Her şeyin farkındalar.
Genelde karı koca aynı gün ölüyorlar. Çocukları, torunları uzaktalar.
Bu hastalık gripten çok çok daha ağır geçiyor. İnanın çok çok daha farklı. Lütfen ona grip demeyin. Alakası yok. Hastalar en az 7 ile10 gün arasında evde kalıyor. Kimseye bulaştırmak istemiyorlar.
Ateşleri çok yüksek. Ağırlaşınca geliyorlar çünkü…Boğulma hissine artık dayanamıyorlar…
Nefes alamıyorlar. Oksijene ihtiyaçları var...
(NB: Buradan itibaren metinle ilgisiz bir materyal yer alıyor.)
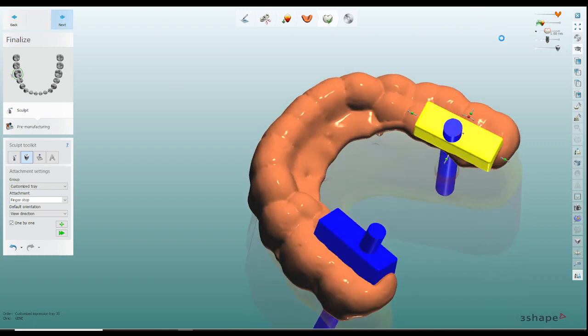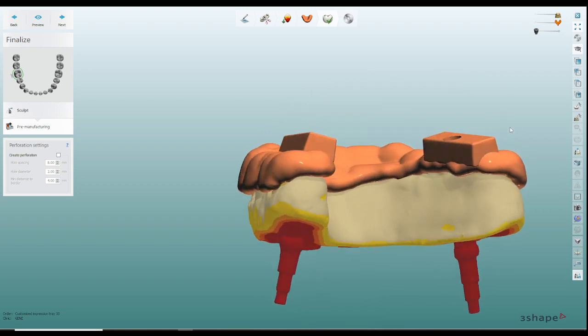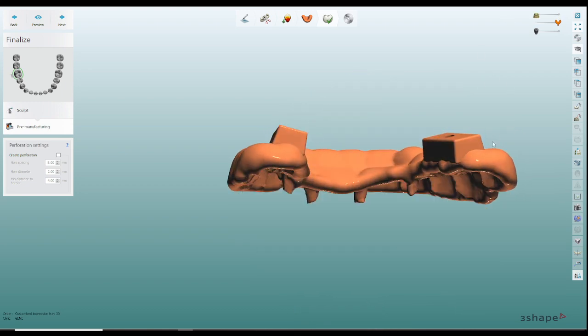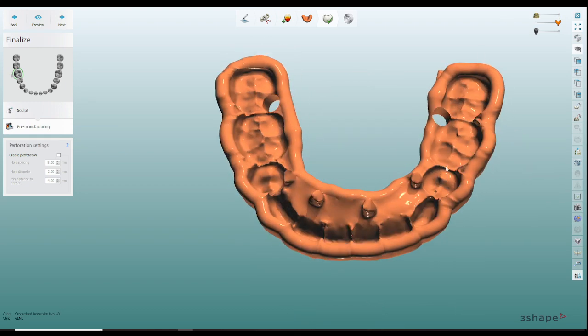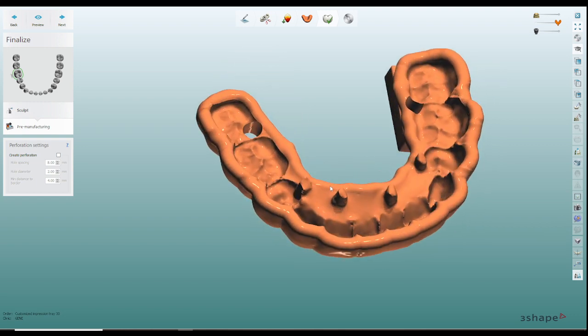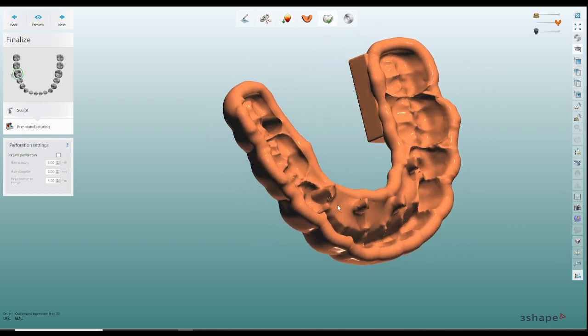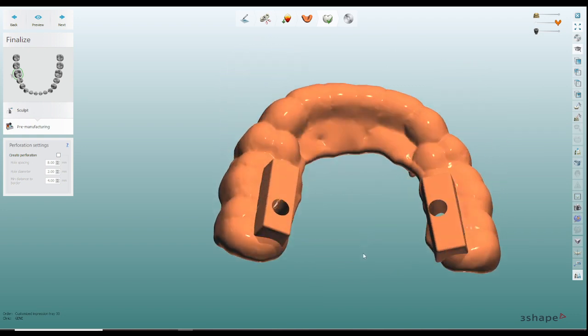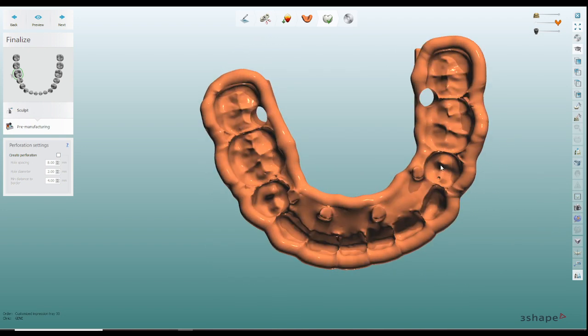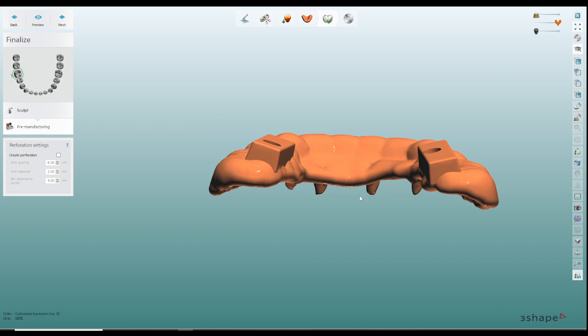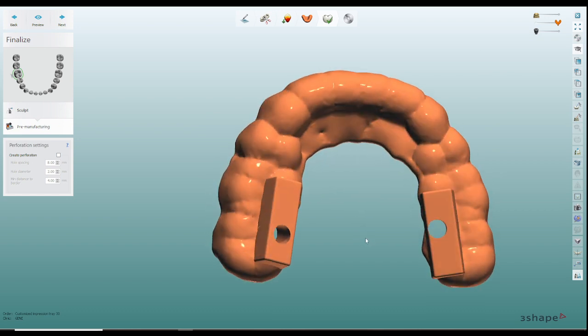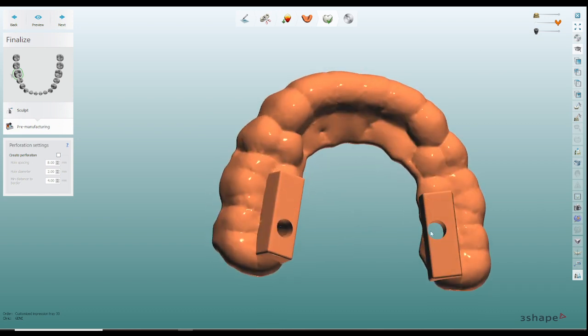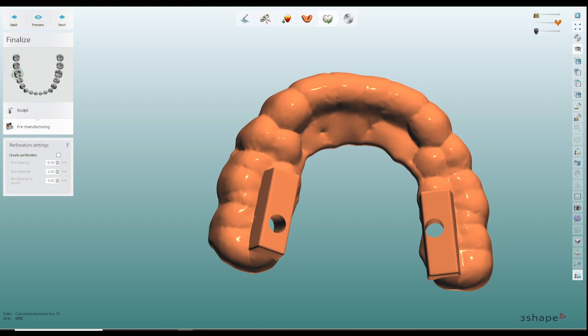When I click on next it should attach everything together, hopefully, yep and it did. When I remove the model obviously these areas I'm going to have to grind out either manually or I can just cut them out digitally, it doesn't really matter, or I could have done block out in that area. So here I have these little areas where I can put my guide tubes in.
Biz sadece yardım etmeye çalışıyoruz… Ama her şey hastaya bağlı.
Erken ya da geç hastaneye gelmeleri hiç bir şey değiştirmiyor… Son aynı son. Yaşlılar dayanamıyor.
Hemşirelerin gözlerinden yaşlar akıyor. Herkesi kurtaramıyoruz, farkındayız… Hayati fonksiyonlar düşük olanların sonu belli. Makineler yalan söylemiyor.
Çok acil yeni yataklara ihtiyacımız var.
Ağırlaşanlar çok fazla. Hastanelere akın akın geliyorlar…
En ağır hastaların isimleri kırmızı ile yazılı ki, artık başka bir renk de yok..
Herkese aynı prosedürler uygulanıyor. Hastalık aynı... Lütfen söyleyin, hangi grip bu trajediye sebep olur?
Grip bu kadar bulaşıcı değildir. Bu virüs ise çok farklı. İnanılmaz bulaşıcı ve inanılmaz ağır seyrediyor.
Bizim ülkemizde yaşlı insanlarımız çok. 65 yas üstünde ise neredeyse herkesin kronik hastalığı bulunur. Diyabet, yüksek tansiyon…
Ne yazık ki ağır hasta olan gençler de var.. Onları görürseniz genç olduğunuza sevinme sebebiniz kalmaz…
Hastanede artık cerrah, ortopedi uzmanı, kadın doğum, göz ya da cildiyeci yok. Hepsi korona virüs savaşçısı oldu. Bütün bölümler bu hastalıkla savaşıyor.
Hastalar saat başı çoğalıyor...
Test sonuçları arka arkaya geliyor... Pozitif… Pozitif... Pozitif…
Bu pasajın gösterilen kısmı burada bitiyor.